WaterMod: Modular Token-Rank Partitioning for Probability-Balanced LLM Watermarking

TL;DR

WaterMod addresses the need for provenance marks on LLM outputs without compromising fluency. It introduces probability‑balanced, modular token‑ranking via rank modulo $k$, enabling zero‑bit and multi‑bit watermarking that preserves high‑probability tokens while embedding detectable signals. The method achieves strong watermark detection (AUROC) across NLP, math reasoning, and code generation, and demonstrates robustness to paraphrase attacks, with a unified framework that scales from binary attribution to rich payloads. This approach provides a practical, regulator‑friendly pathway for accountable AI with minimal impact on generation quality.

Abstract

Large language models now draft news, legal analyses, and software code with human-level fluency. At the same time, regulations such as the EU AI Act mandate that each synthetic passage carry an imperceptible, machine-verifiable mark for provenance. Conventional logit-based watermarks satisfy this requirement by selecting a pseudorandom green vocabulary at every decoding step and boosting its logits, yet the random split can exclude the highest-probability token and thus erode fluency. WaterMod mitigates this limitation through a probability-aware modular rule. The vocabulary is first sorted in descending model probability; the resulting ranks are then partitioned by the residue rank mod k, which distributes adjacent-and therefore semantically similar-tokens across different classes. A fixed bias of small magnitude is applied to one selected class. In the zero-bit setting (k=2), an entropy-adaptive gate selects either the even or the odd parity as the green list.
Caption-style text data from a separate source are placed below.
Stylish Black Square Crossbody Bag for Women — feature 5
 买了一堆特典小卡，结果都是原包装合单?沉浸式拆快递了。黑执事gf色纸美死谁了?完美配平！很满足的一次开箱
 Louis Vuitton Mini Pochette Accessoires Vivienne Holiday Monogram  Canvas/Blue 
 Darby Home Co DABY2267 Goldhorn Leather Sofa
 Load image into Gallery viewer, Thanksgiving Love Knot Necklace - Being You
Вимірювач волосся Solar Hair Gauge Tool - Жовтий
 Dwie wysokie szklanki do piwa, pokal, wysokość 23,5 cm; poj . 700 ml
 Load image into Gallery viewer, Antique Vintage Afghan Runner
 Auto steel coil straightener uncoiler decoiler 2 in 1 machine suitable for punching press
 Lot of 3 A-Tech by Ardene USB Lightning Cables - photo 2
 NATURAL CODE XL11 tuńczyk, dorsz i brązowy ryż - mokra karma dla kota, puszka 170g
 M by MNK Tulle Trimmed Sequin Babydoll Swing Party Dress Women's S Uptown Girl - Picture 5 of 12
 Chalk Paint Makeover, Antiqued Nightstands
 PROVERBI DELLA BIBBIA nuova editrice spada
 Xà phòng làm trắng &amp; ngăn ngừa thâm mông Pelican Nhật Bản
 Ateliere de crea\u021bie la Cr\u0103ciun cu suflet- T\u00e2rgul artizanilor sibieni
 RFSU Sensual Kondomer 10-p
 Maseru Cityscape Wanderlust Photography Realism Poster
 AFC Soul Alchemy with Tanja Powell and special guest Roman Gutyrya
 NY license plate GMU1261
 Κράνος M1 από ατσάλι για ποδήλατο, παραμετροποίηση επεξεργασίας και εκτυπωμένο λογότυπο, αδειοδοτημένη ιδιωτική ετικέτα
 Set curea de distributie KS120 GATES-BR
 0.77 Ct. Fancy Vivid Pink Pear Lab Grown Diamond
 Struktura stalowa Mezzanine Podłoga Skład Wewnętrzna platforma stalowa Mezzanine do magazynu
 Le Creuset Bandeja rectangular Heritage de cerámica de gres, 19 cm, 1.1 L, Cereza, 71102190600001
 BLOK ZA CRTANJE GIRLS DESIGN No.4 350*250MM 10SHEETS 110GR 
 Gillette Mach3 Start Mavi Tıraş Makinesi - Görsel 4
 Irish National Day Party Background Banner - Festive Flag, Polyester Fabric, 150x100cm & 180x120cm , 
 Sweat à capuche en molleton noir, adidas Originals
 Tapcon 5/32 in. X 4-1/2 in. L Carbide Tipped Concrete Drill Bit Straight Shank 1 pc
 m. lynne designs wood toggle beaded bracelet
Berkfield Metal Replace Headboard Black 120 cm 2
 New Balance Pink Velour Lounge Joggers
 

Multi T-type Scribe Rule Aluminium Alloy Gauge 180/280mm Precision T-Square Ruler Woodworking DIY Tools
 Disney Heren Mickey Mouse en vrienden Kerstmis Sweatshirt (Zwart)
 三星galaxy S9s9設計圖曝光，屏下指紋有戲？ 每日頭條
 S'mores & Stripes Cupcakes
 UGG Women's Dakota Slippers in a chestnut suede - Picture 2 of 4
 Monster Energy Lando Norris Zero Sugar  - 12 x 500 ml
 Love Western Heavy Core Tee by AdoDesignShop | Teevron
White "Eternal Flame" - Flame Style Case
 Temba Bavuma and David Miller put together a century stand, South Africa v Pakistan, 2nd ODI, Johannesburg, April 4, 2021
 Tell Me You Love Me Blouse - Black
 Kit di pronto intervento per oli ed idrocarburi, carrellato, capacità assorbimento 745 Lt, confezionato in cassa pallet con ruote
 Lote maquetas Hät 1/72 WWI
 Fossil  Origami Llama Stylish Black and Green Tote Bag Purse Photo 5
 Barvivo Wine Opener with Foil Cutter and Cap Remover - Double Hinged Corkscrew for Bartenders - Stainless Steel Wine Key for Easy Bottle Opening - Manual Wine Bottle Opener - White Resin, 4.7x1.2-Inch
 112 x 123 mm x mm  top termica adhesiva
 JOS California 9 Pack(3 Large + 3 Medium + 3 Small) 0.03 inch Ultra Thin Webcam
Because the top two ranks fall into different parities, this choice embeds a detectable signal while guaranteeing that at least one high-probability token remains available for sampling. In the multi-bit regime (k>2), the current payload digit d selects the color class whose ranks satisfy rank mod k = d. Biasing the logits of that class embeds exactly one base-k digit per decoding step, thereby enabling fine-grained provenance tracing. The same modular arithmetic therefore supports both binary attribution and rich payloads. Experimental results demonstrate that WaterMod consistently attains strong watermark detection performance while maintaining generation quality in both zero-bit and multi-bit settings. This robustness holds across a range of tasks, including natural language generation, mathematical reasoning, and code synthesis. Our code and data are available at https://github.com/Shinwoo-Park/WaterMod.

Figures (4)

• Figure 1: Watermark embedding procedure of WaterMod in the zero-bit setting.
• Figure 2: Overview of the message encoding and recovery process in WaterMod under the multi-bit watermarking regime.
• Figure 3: We report the mean token-level entropy computed over LLM-generated outputs for each dataset. Entropy is measured at every decoding step and averaged across all tokens. Both Shannon entropy (left) and spike entropy (right) are presented. Tasks such as mathematical reasoning and code generation show consistently lower entropy than natural language generation, indicating more deterministic token distributions in structured domains.
• Figure 4: Performance comparison of WaterMod using Shannon entropy and spike entropy under the zero-bit watermarking setting. The bar charts on the left present watermark detection performance, while those on the right show task-specific performance. Blue bars represent the performance of WaterMod configured with spike entropy, and green bars correspond to WaterMod using Shannon entropy.